Throughout last year, the UK recorded multiple green energy records, including the highest record of output for wind during storm Bella on Boxing Day. But the positives of the increased renewable output do not stop there, the ‘carbon intensity’ of the UK’s power system fell to its lowest level in record history. The carbon dioxide per kilowatt-hour of electricity fell to 181g. Compare that to 215g in 2019, and 248g in 2018, this is a 28% reduction.
The figures show that Britain is edging closer to the power system of the future being powered by renewables, but the Government must ensure adequate capital continues to be invested into the development of renewable generation projects.

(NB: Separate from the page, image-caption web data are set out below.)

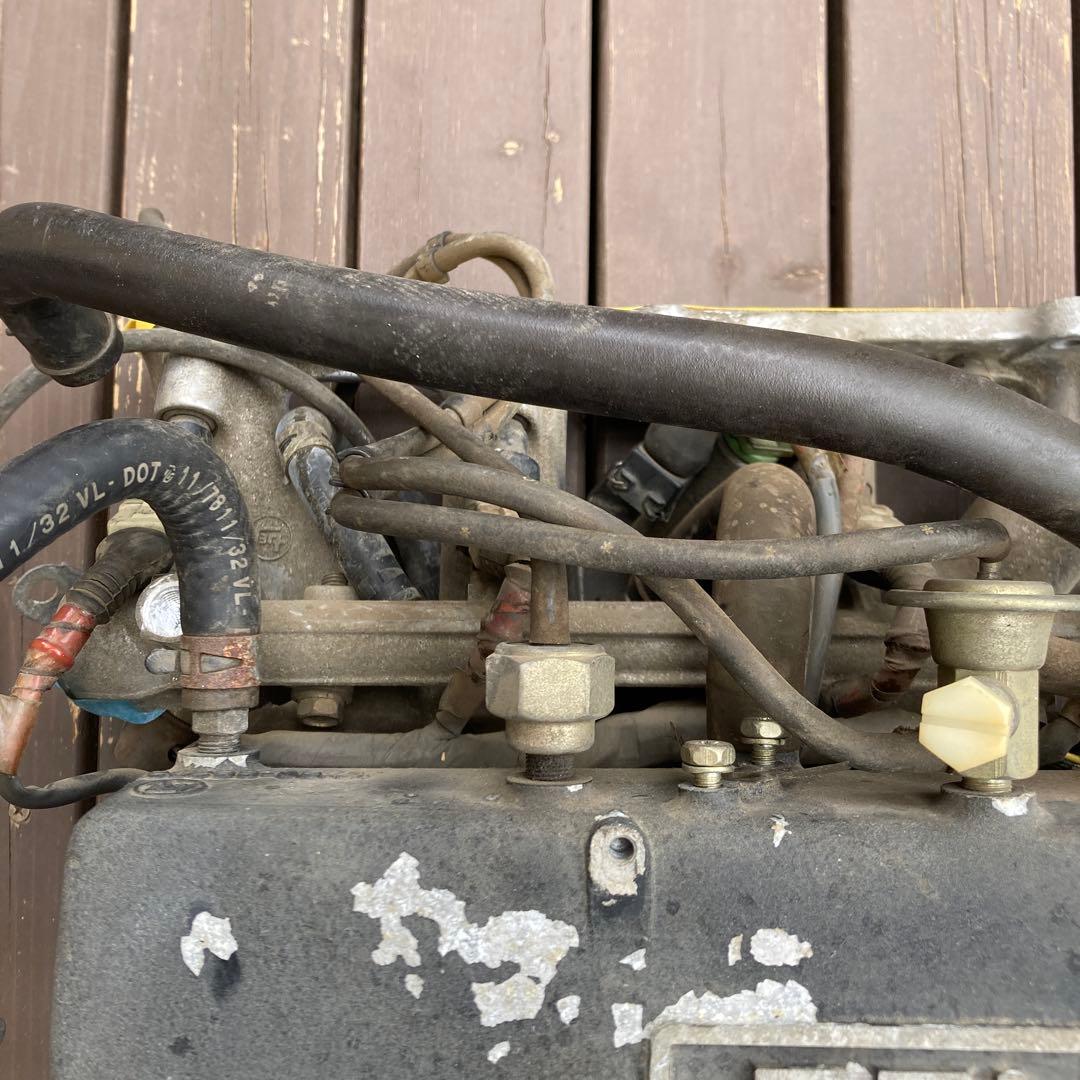 2T-GEU サージタンク インマニ一式 TE71、セリカ・カリーナ等 旧車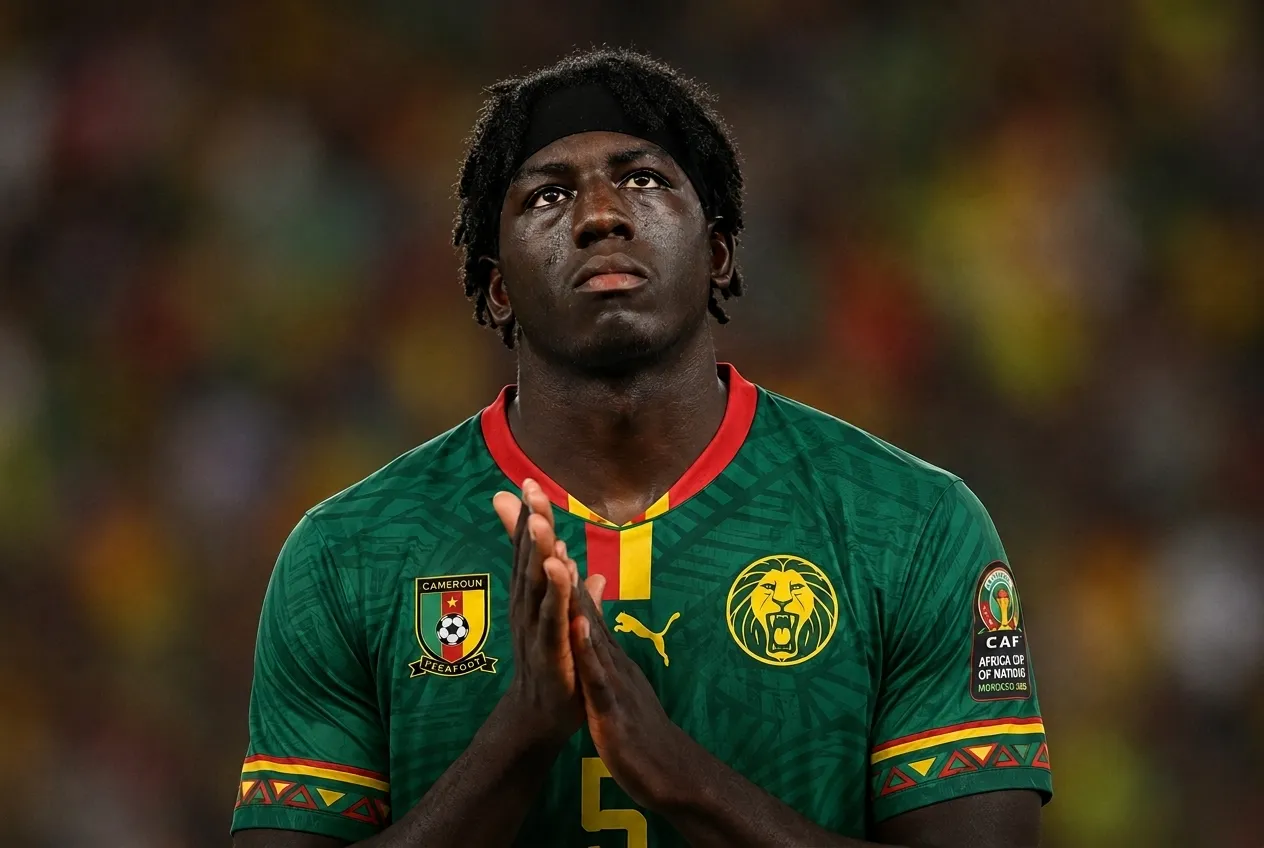 Cameroon: A Chance to Play with Prodigy Brian Madjo, Eto'o Travels to England!
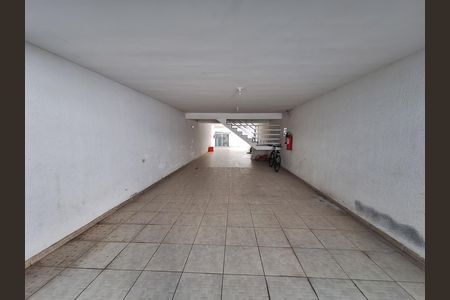Garagem de apartamento à venda com 2 quartos, 74m² em Jardim Alvorada, Santo André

The continuation of such projects will not only prove vital to the success of the Government’s ‘Green Industrial Revolution’ ambitions, but will offer a wealth of opportunities for jobs in the renewables sector.
The Government recently announced a further £20m investment to develop the next generation of offshore wind projects in Teesside, North England. The development will see the creation of 5,500 new jobs within the facility itself and its supply chain. The new wind plant will operate alongside the newly announced Freeport and will make the River Tees a major UK hub for offshore wind. This monumental investment will see the capacity for up to three offshore wind manufactures. Construction on the multi-million-pound development is set to get underway this year. 
The development in Teesside, along with others recently announced in the Government’s budget will see a surge in demand for skilled workers in the renewables sector. The skills demand will require a knowledgeable and skilled workforce to be ready to help drive forward the Green Revolution. Renewable energy training providers must ready their operation and prepare for an influx in delegates entering the workforce, as the UK shores become a beacon of opportunity for the sector.